BANDUNG – Telkom University sukses menggelar Pameran Sains dan Teknologi: Board Game BERAKSI Berbasis Augmented Reality di Gedung Manterawu, Senin (1/12). Acara tersebut merupakan pameran interaktif yang menjadi puncak program hibah Semesta Insaintek 2025.
Kegiatan ini menjadi ruang pertemuan antara inovasi kampus, edukasi masyarakat, serta upaya membangun literasi teknologi yang ramah bagi semua kalangan.
Mengusung konsep teknologi yang dekat dan mudah dipahami, pameran ini memperkenalkan Board Game BERAKSI-sebuah media edukasi berbasis Augmented Reality (AR) yang dirancang untuk meningkatkan kesadaran perlindungan anak melalui cara yang menyenangkan, aman, dan interaktif.
Baca Juga:DPRD Fraksi PDI Perjuangan se-Jabar Ikuti Bimtek, Tingkatkan Peran Legislasi dan PengawasanTel-U Wisuda 4.662 Talenta Terbaik, Rektor: Ini Bukan Akhir, Tapi Garis Start Perjuangan!
“Melalui pameran ini, kami ingin memastikan bahwa hasil riset yang dikembangkan di kampus benar-benar dapat menyentuh kehidupan sehari-hari masyarakat. Teknologi harus dekat, mudah dipahami, dan memberikan manfaat nyata,” ujar Ketua Pelaksana Program Hibah Semesta Insaintek, Alila Pramiyanti, Ph.D.
Pameran ini diikuti sekitar 250 peserta yang terdiri dari siswa SD, SMP, SMA, mahasiswa, komunitas, serta masyarakat umum.

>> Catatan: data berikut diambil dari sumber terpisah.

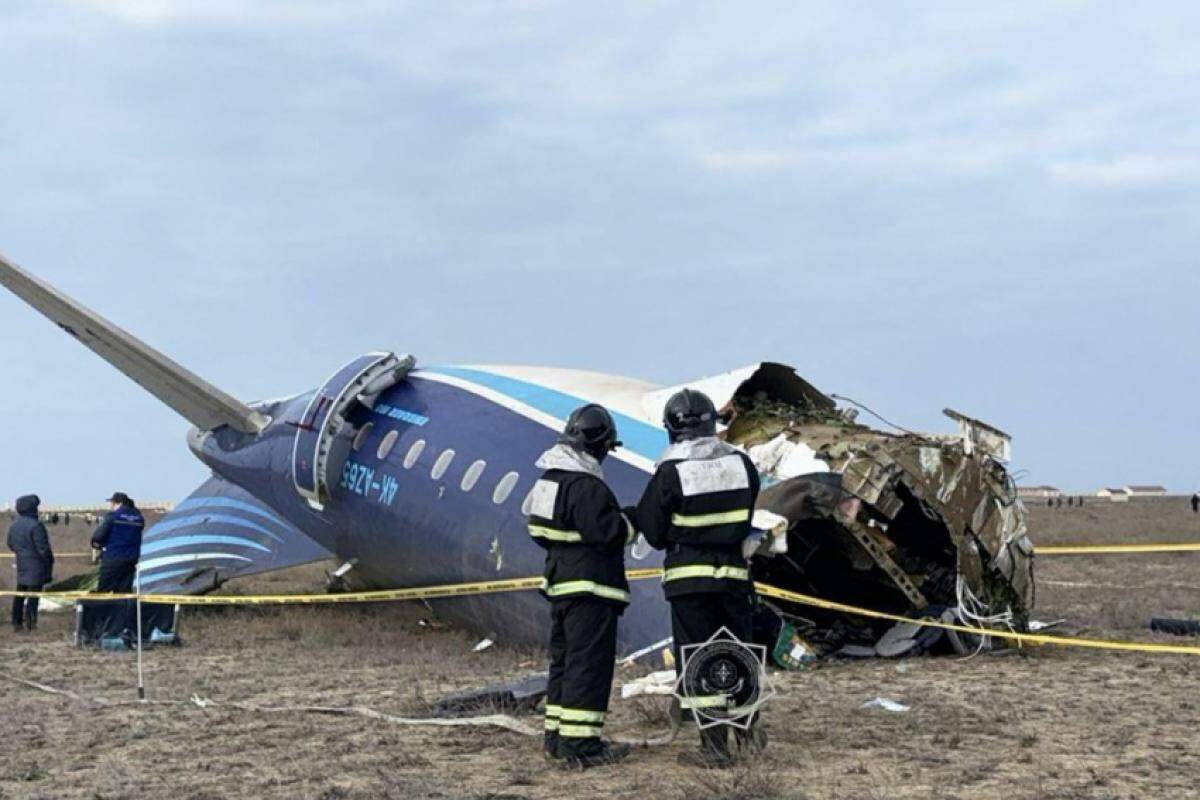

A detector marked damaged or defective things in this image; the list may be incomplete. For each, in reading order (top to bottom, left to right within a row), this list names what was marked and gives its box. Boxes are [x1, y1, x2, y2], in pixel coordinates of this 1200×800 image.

crashed aircraft [0, 255, 1032, 664] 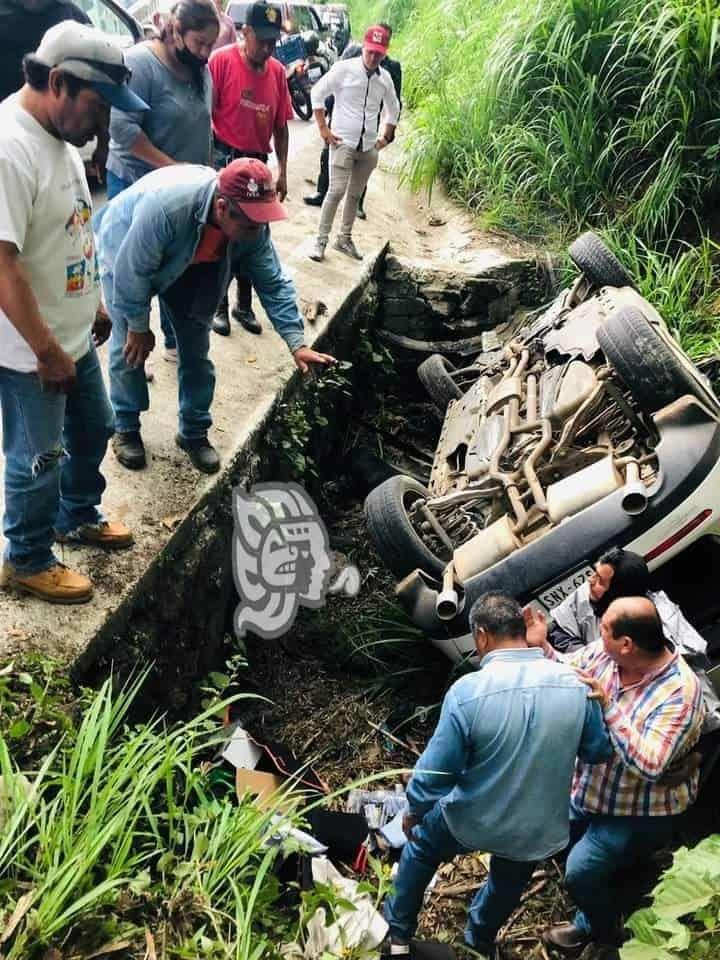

Peserta berasal dari berbagai wilayah sekitar kampus, termasuk PKK Bojong, PKK Baros, SMAN 1 Dayeuhkolot, SMP Garuda, SDN Lengkong, MTs-MA Al Mukhlisin, SDN Cipagalo 1-3, dan SDN Sukabirus.
Melalui permainan, demonstrasi, serta eksplorasi teknologi sederhana, pengunjung diajak memahami bagaimana sains dan teknologi dapat hadir dalam bentuk yang ramah dan menyenangkan.
Sejumlah unit inovasi Telkom University turut memeriahkan acara melalui presentasi berbagai teknologi unggulan, antara lain: AI Laboratory; Mobile Innovation Laboratory; CoE HUMIC Engineering; Metaverse Research & Experience Center; Pusat Unggulan Ipteks PT Sensing IoT; DIGIN-Smart IoT & Ergonomic Innovation.
Pameran ini tidak hanya menampilkan hasil riset mutakhir, tetapi juga memberikan pengalaman langsung bagi peserta untuk berinteraksi dengan teknologi yang relevan dengan kebutuhan masyarakat.
Direktur Penelitian dan Pengabdian Masyarakat (PPM) Telkom University, Dr. Eng. Faisal Budiman, S.T., M.Sc., menegaskan bahwa pameran ini menjadi bukti nyata bahwa riset kampus dapat dimanfaatkan untuk menghadapi isu-isu sosial secara langsung.
“Pameran ini menunjukkan bahwa inovasi kampus dapat diterjemahkan menjadi media edukasi yang mudah diakses masyarakat. Kami berharap pengalaman interaktif ini membantu peserta memahami isu perlindungan anak dengan cara yang lebih dekat, sekaligus membuka ruang kolaborasi agar teknologi dapat terus digunakan untuk menciptakan lingkungan yang aman dan berdaya,” ujar Faisal.